In Adobe Premiere when you are editing you can not only see the picture but also hear the sound via firewire. This applies to other audio items as well - drop in an MP3 files or an 8 bit wav and they will be coverted real time to be able to out put via firewire.
In VV when you are editing all you will see via firewire is the image. Audio is not converted nor output in real time via the firewire, no matter what the format. In order to do a 'full' realtime output via firewire in VV you have to PTT and the question was why can't VV do what Premiere does - in other words why do you have to PTT in order for the audio to also come out via firewire in VV?
I have asked this same question. One thread mentions re-rendering all of your audio files to "w64" format then resyncing them that way audio will not have to render when you do a PTT. Seems like an extra step to me no matter what if all you want to do is dump some stuff out to tape for preview.
For me, audio wise, I have the computer monitor in front of me, not that NTSC monitor. So when I playback to look at something off the NTSC I have audio coming from the computer - it is a weird thing to hear audio coming from somewhere other than where you expect it to come from. Yes I could easly take the audio out from the PC and put it into the monitor, or my stereo, or into the VCR....but then I will have computer audio coming from everywhere but the computer and I don't really feel like re-patching cables everytime I use a different program. So it really depends on how you want to wire your system more than anything else.
But the question still remains - why is there no audio via firewire in VV unless you PTT? And then why does the entire time line have to render audio in order to PTT? What is the theory behind the W64 format and firewire that VV uses vs. what other NLE's use to playback the audio in the DV file via firewire?
"...the question was why can't VV do what Premiere does - in other words why do you have to PTT in order for the audio to also come out in VV?"
A better question is why should you care?
There is nothing to be gained in feeding the audio through firewire real time when you are doing so to ADJUST THE VIDEO, which is what you should be focused on, when feeding a signal to your external monitor, not listening to the tinny output from a laughable 2-4 inch speaker that's typical of a monitor/TV used as an external monitor.
Someone in twenty five words or less explain WHY they want to hear the audio from their cheesy external monitor. (this is humor... nobody get bent out shape)
1> As I said in my post the audio can be coming from anywhere. Thusly, as I also said in my post, it depends on how you wire the audio. Point is that in Premiere the video and audio are coming via firewire and going into whatever I have the audio outs from the dv device plugged into. In my case that is a switcher so I do not have to unplug the Pc's audio and re-cable into a stereo, a VCR, a monitor or what have you.
2> Some people specialize in Color Correcting and for them audio does not matter. I am not a colorist by nature. Neither are most of my clients. Most people have a perception that audio should come from in front of them when they are looking at the screen. Thusly, as I said in my post, if you sit in front of the NTSC and yet hear sound coming from the computer it is a wierd perception.
3> I do not have a dual monitor set up thusly I view my edits via the firewire on the monitor. In other words I watch full screen playback not on my PC but on the monitor.

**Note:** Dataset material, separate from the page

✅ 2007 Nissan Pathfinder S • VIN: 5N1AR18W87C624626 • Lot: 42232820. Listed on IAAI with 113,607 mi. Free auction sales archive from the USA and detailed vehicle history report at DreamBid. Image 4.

4> Using your scenerio of using VV for color correction than you might think that if I use it for Sound Editing or Mixing I shouldn't even look at the picture - thusly it would be irrelevent. Not. I need the picture and the sound for that and to have to PTT would defeat the cause of doing a mix with picture unless you wanted to do it in less than real time looking at a tiny image.
5> I have never been able to get real time playback with VV unless I use PTT. Premiere does not have that problem. When I make an edit with Premere all I have to do is hit play and walk away from the 'puter, plop down and watch. With VV if I want smooth firewire output with audio I have to hit PTT, wait for the audio to render and then hit the start button. With Premiere if a client said "can you change that edit?" I can do it and they can watch it. With VV if a client asks I would have to do to and then do another PTT for them to watch it real time with audio. And what to do in that uncomfortable time waiting for the render? If they pay you by the hour they might not be too happy with this waiting period every few minutes. Even longer if the edit they wanted to change contained something like a dissolve. (or they would have to just watch it on the screen - same for Premiere 6.5. AvidXpress will put it out basic effects via firewire as it renders, so will After Effects with the Echo Fire plug-in - but that doesn't help with the audio question)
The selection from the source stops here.